=== About this exercise ===
Once the line containing "Apple is killing" is reached, copy it and every line after it exactly, to the end of the material, without pictures.

=== Dataset extract ===

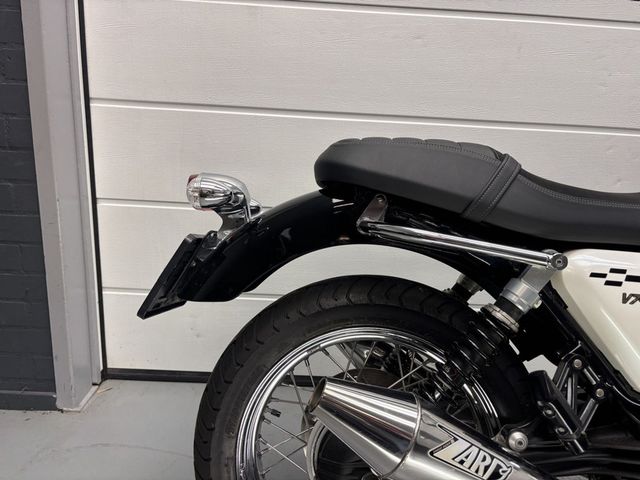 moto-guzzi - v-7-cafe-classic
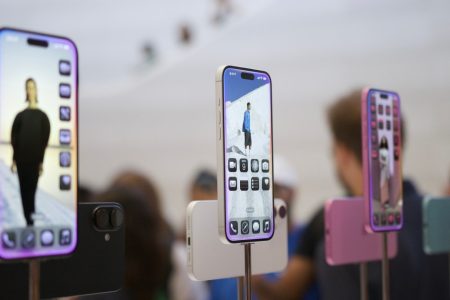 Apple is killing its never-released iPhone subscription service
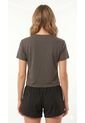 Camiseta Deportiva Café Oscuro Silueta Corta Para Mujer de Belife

=== Task result ===
 Apple is killing its never-released iPhone subscription service
 Camiseta Deportiva Café Oscuro Silueta Corta Para Mujer de Belife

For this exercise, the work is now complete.